2022 CF-18 demo had a birdstrike while performing in Michigan this week.

RCAF CF-18 Demo Pilot Saves Aircraft After Real-Life 'Top Gun' Incident at Airshow


----------



## Dana381

Hats off to the pilot for hanling it well.


----------



## Quirky

Dana381 said:


> Hats off to the pilot for hanling it well.


Agreed. Top gun pilots just lose control and eject, apparently.


----------



## SeaKingTacco

Quirky said:


> Agreed. Top gun pilots just lose control and eject, apparently.


It is Top Gun Canon that USN jets lose control and must be ejected from, if they lose one of two engines. There is apparently no NATOPs procedure to save the fighter…


----------



## MTShaw

SeaKingTacco said:


> It is Top Gun Canon that USN jets lose control and must be ejected from, if they lose one of two engine. There is apparently no NATOPs procedure to save the fighter…


And the canon efficacy that cannons work in dogfight that actually occurr.


----------



## SeaKingTacco

MTShaw said:


> And the canon efficacy that cannons work in dogfight that actually occurr.


There is no kill like a guns kill, apparently…

In Top Gun land, BVR missiles do not exist…


----------



## OldSolduer

Well done to the pilot. 👍🏻👍🏻


----------



## RaceAddict

armrdsoul77 said:


> 2022 CF-18 demo had a birdstrike while performing in Michigan this week.
> 
> RCAF CF-18 Demo Pilot Saves Aircraft After Real-Life 'Top Gun' Incident at AirshowView attachment 71320



"Mav's in trouble. He’s in a flat spin, he’s heading out to sea."
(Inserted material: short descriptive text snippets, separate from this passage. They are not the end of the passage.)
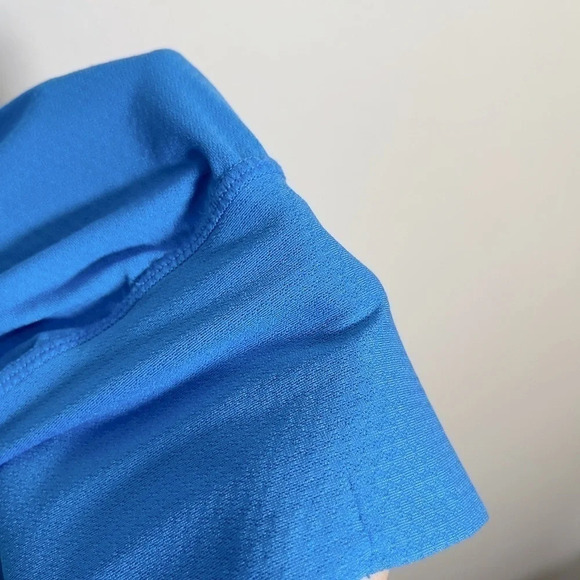 LULULEMON  | NO LIMITS TANK CORNFLOWER - Picture 12 of 13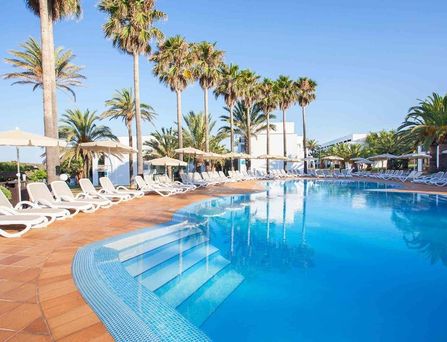 Grupotel Mar de Menorca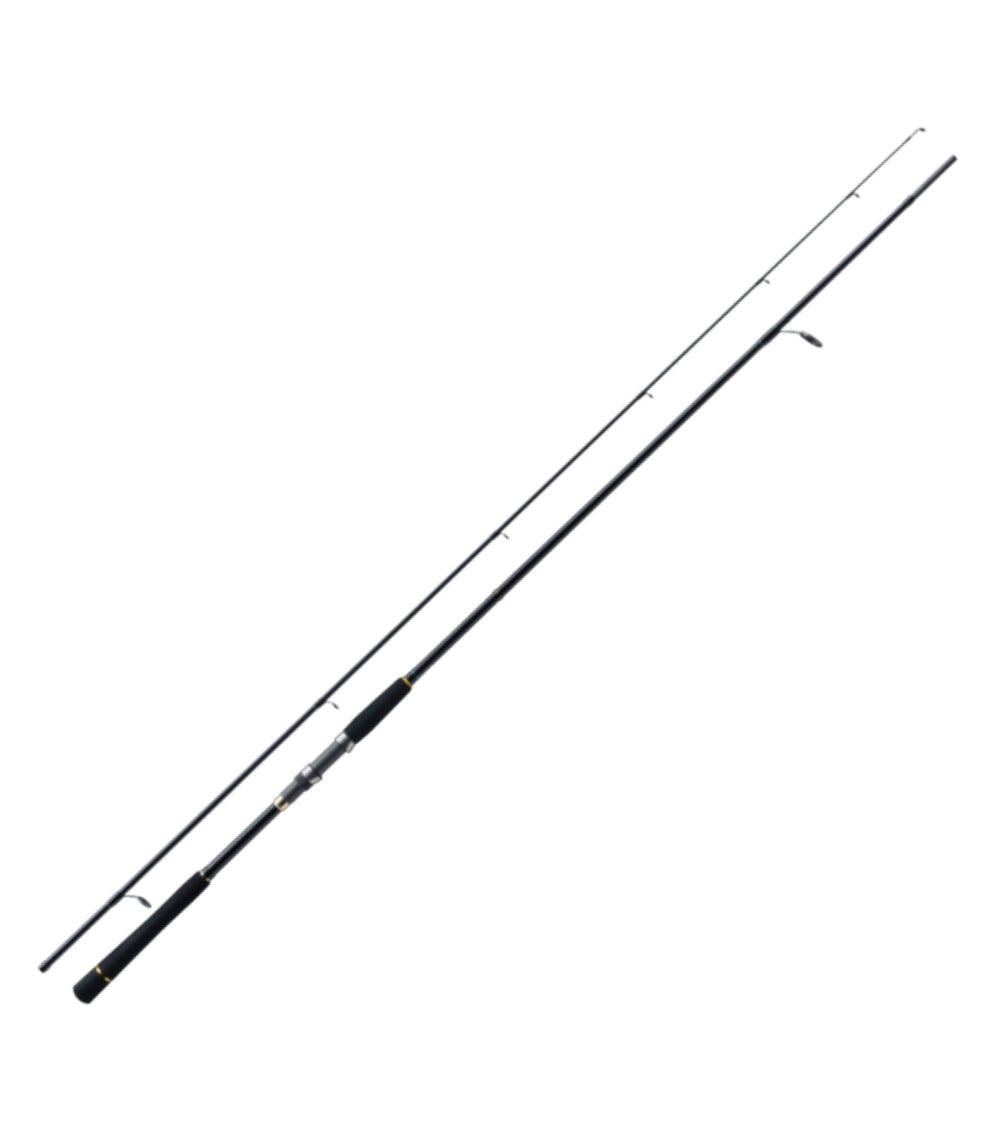 Major Craft Firstcast Seabass Shore Spinning Rods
Seriously though, the demo bird looks _really_ good this year. Kudos to the team that designed and painted it.


----------



## Dana381

SeaKingTacco said:


> There is no kill like a guns kill, apparently…
> 
> In Top Gun land, BVR missiles do not exist…
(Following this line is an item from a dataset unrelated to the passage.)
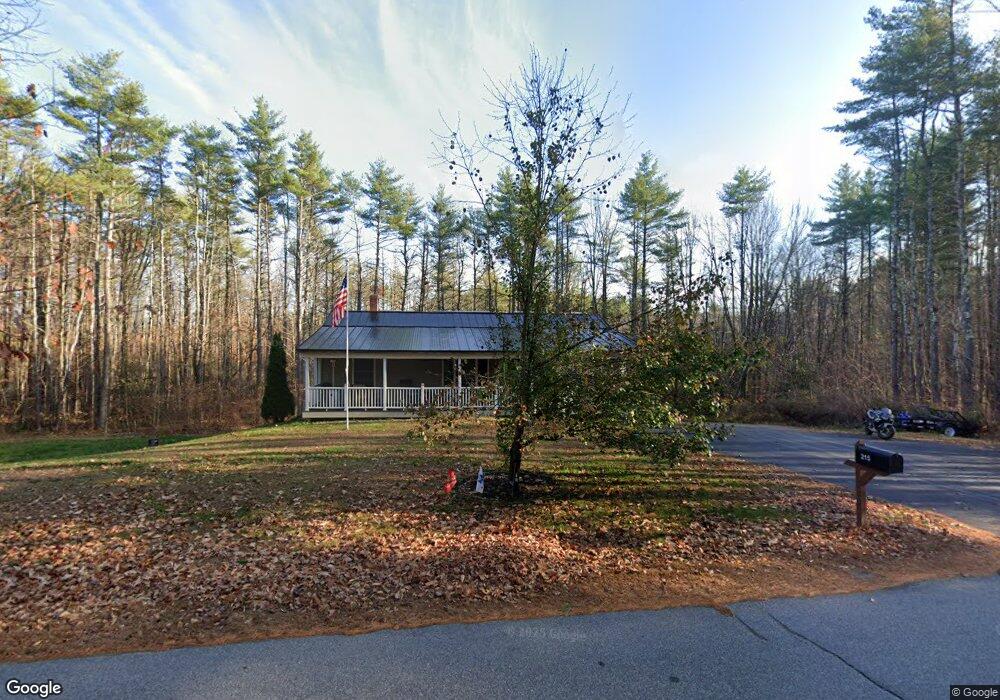 215 Blake Rd, Standish, ME 04084 - photo 1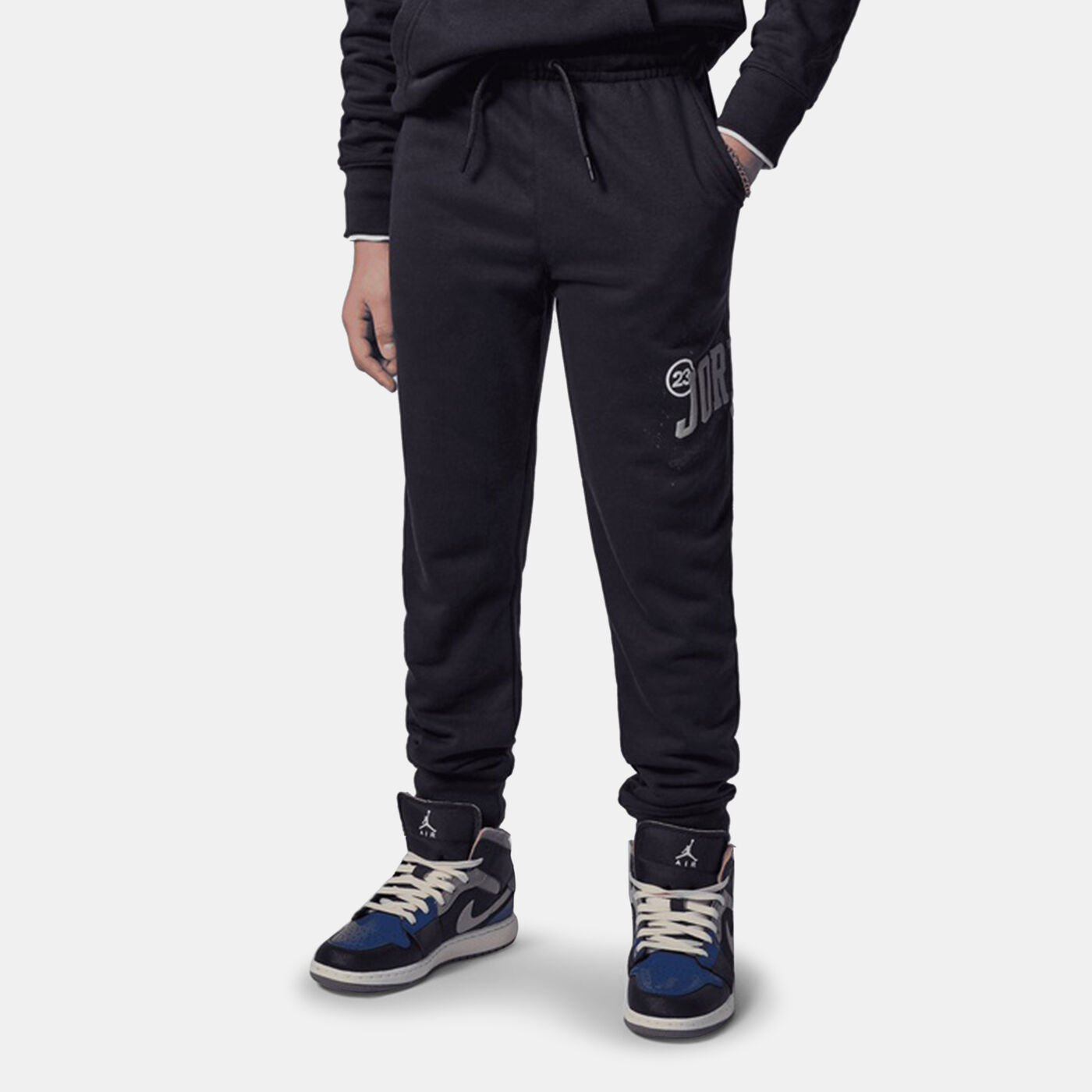 Kids' 1984 Jumpman Pants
Who wants to watch a missile fire and disappear, only to watch a blip on radar disappear also? BVR missiles are awesome but boring in a movie.


----------



## armrdsoul77




----------



## daftandbarmy

armrdsoul77 said:


> 2022 CF-18 demo had a birdstrike while performing in Michigan this week.
> 
> RCAF CF-18 Demo Pilot Saves Aircraft After Real-Life 'Top Gun' Incident at AirshowView attachment 71320



Wait a minute... we actually have a Canadian Forces CF-18 Demonstration Team, and it's not called the 'Snowbirds'?


----------



## dimsum

daftandbarmy said:


> Wait a minute... we actually have a Canadian Forces CF-18 Demonstration Team, and it's not called the 'Snowbirds'?


If by "team" you mean one jet, then yes.

But I guess if you're talking about personnel, then yes it's a team.


----------



## OldSolduer

dimsum said:


> If by "team" you mean one jet, then yes.
> 
> But I guess if you're talking about personnel, then yes it's a team.


So which 2* gets to be Team Captain?


----------



## Kirkhill

> a formation of MALDs presenting the returns of F-15E Strike Eagles closing in on a potential target, as one example, could draw a great deal of focus while stealthy F-35s flying at higher altitudes deploy munitions at the same target.











						ADM-160 MALD: America's secret weapon to engage air defenses isn't a weapon at all
					

America's ADM-160 MALD, or Miniature Air-Launched Decoy, may not be a missile or bomb, but it can have a huge effect on the battlefield.




					www.sandboxx.us
				







What happens if your fighter fleet is all stealthy?   How effective are decoys?

If the enemy can see it it knows it is not a threat.

Has this had an impact on the decision to produce small numbers of F15s, F16s and F18s?  To maintain the viability of the threat? 

How about the production of weaponized drones by companies like Kratos that have been building EW target drones for decades?

Do you need to build threats that can be seen in order to screen the threats that can't be seen?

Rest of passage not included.